Pastors highlight moral obligation to fund education for all students
A group of Tennessee pastors affiliated with the Southern Christian Coalition is calling on the Tennessee General Assembly to take steps to fully fund public schools in the state.
The group notes that public education is one piece of what they call a "moral agenda" for state policy.
Rev. Jason Mikel, pastor of Jenkins Cumberland Presbyterian Church in Nolensville, issued a statement on behalf of the group. In it, he noted that public education makes Tennessee communities stronger.

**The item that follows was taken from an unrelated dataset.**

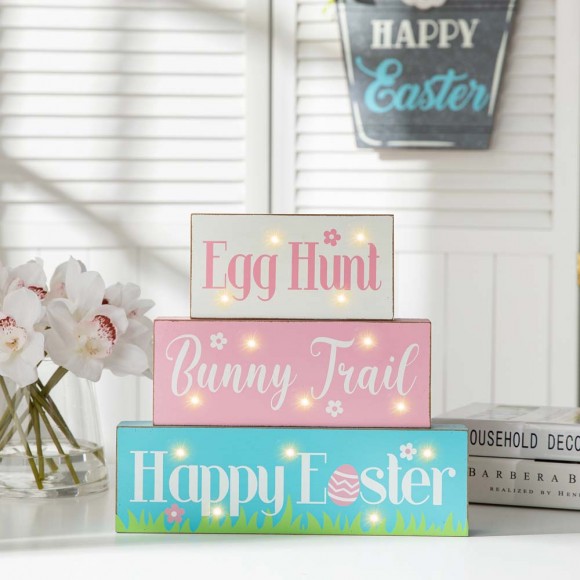 Glitzhome Glitzhome 12"L Easter LED Lighted Wooden/Metal Block Word Sign (14 Bulbs)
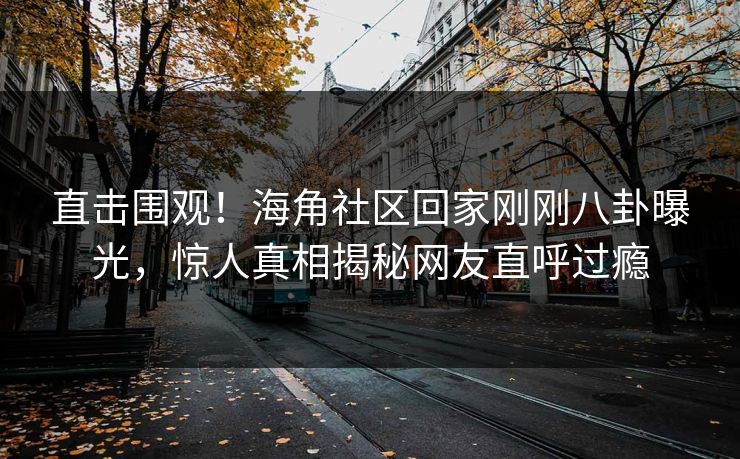 直击围观！海角社区回家刚刚八卦曝光，惊人真相揭秘网友直呼过瘾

"No matter where our children live, the color of their skin, their social situation, or anything else, every child deserves access to a high quality education in their local public school," Mikel said. "Our communities are healthier and our communities are stronger when public schools are allocated the resources they need to fulfill their calling. Yet our state ranks nearly last in financial funding for students, teachers, and schools. And it is that way because of the continuing decisions of our state leaders. Governor Lee and our Supermajority Legislature fuel divisions for the purpose of removing resources from our schools. They demonize teachers and librarians. (And who goes after librarians?) Yet they vie for control of our state's classrooms by unnecessarily burdening our educators with their political posturing.
Mikel specifically outlined some education policy decisions he deemed harmful to Tennessee students:
"Society is harmed through punitive laws like the 3rd grade retention law, which punishes teachers and students for that exact lack of funding received by the state. There's even a proposed bill that would allow teachers to carry guns in schools. That's horrific, that's unwise and it's unhealthy."
Mikel and the Southern Christian Coalition say they are calling on Lee and the legislature to focus on proper funding of schools and full support for the state's teachers.